ATIN MARTINO, SI MANTAN JUARA SILAT, Hidup Harus Ulet dan Tekun! Hidup itu tidak gampang, penuh tantangan dan untuk menghadapi segala tantangan itu, perlu perjuangan dan ketekunan, keuletan agar meraih sukses yang diharapkan.
Demikian papar mantan juara IPSI se Jatim yagn sejak akhir tahun 1985 menggeluti dunia film, ketika wawancara disela-sela suting "Anak Anak Kolong" arahan Lukmantoro yang berlokasi di Cirebon - Kuningan dan sekitarnya.
ATIN MARTINO yang mengawali karir sebagai film figuran lewat film perdananya "Menerjang Badai" arahan Dasri Yacob ini mengaku sejak usia SD hobby nonton film action. Dari situlah ia tertarik belajar bela diri Pencak Silat dan menggemari kung fu.
Anak bungsu dari pasangan Soedirman dan Soenarti ini terlahir di kota Surabaya tepatnya 16 Desember 1962. Sebagai anak bungsu dari lima bersaudara, ia dituntut mengikuti jejak kakak-kakaknya belajar hidup mandiri dan tidak menggantungkan diri pada orang lain.
Itulah sebabnya ia memutuskan memilih film sebagai ladang hidupnya. Siapa bilang film tidak bisa diharapkan, buktinya saya berangkat dari bawah sebagai figuran. Modalnya itikad dan semangat juang, saya bersikeras menggeluti dunia film ini sampai prestasi puncak, tutur arek Suroboyo penggemar musik cadas ini.
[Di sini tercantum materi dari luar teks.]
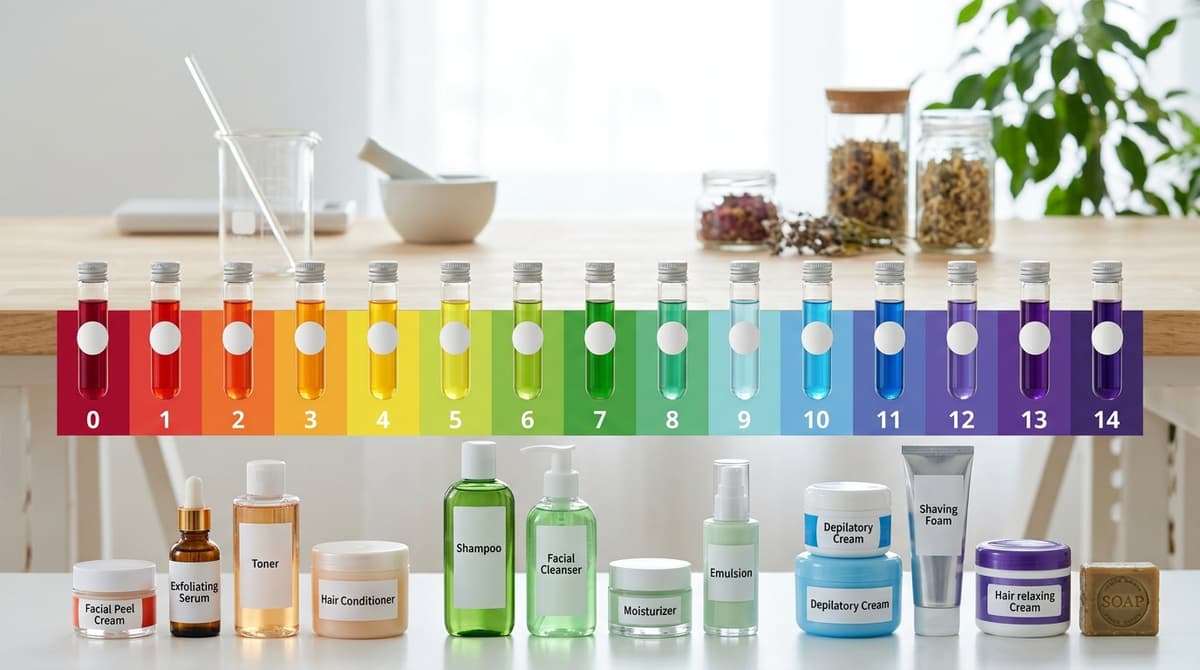 Skala pH dengan indikator warna dan contoh produk kosmetik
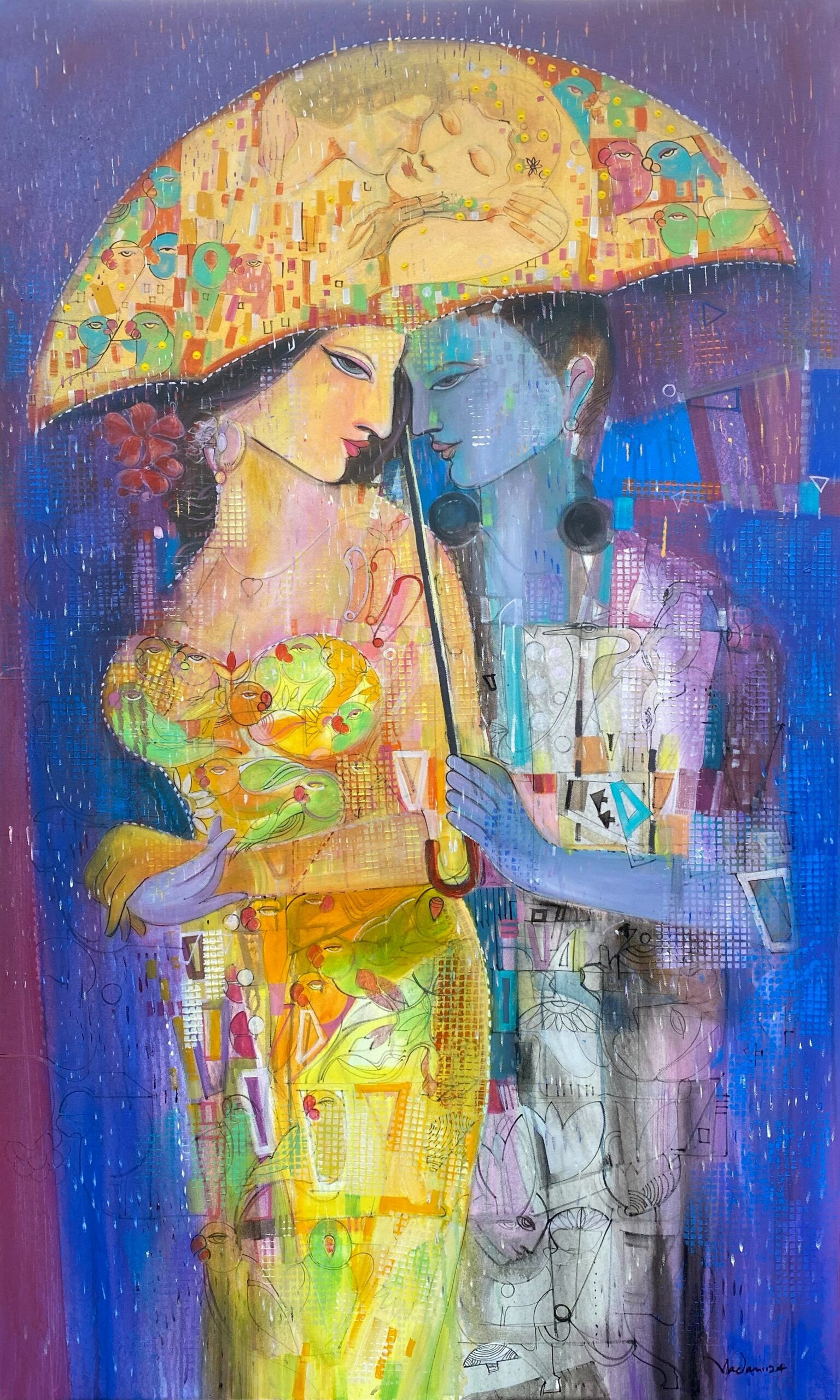 Madan Lal | My Rain | Acrylic on canvas | 60x36 Inches | 2024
Alhamdulillah sudah banyak film yang saya geluti diantaranya Mat Ireng, Wiro Sableng dalam judul Kapak Maut Tutur Sepuh , Anak-anak Kolong dan lain-lain yang sebagian besar film aksi, " ujar Atin Martino yang berperakawan kekar dengan tinggi 172 cm .
Aktor yang mulai naik daun ini sudah beberapa kali memegang peran utama. Namun ia sendiri tidak pernah merasa puas, ia selalu mengevaluasi diri dari film yang satu ke film lain, disamping menimba pengalaman dari para senior dan sutradara.
Setiap insan pasti merindukan keluarga, akan halnya saya dalam kegiatan syuting terkadang muncul rasa rindu. Dalam hal ini, kita harus bisa membagi jadwal antara profesi dan kepentingan keluarga, dengan penuh pengertian dan ketulusan hati, " ucap Atin .
Menyinggung soal honor main film, ia mengelak. Ini rahasia dong dan rasanya kurang etis diketahui secara umum kilahnya. Pokoknya lumayan buat kebutuhan "dapur ngebul" dan prinsip hidup saya, menerima apa adanya dengan penuh kesadaran ikhlas dan tabah menghadapi tantangan hidup, ujar laki-laki yang benci kepada orang yang tidak jujur dan munafik ini.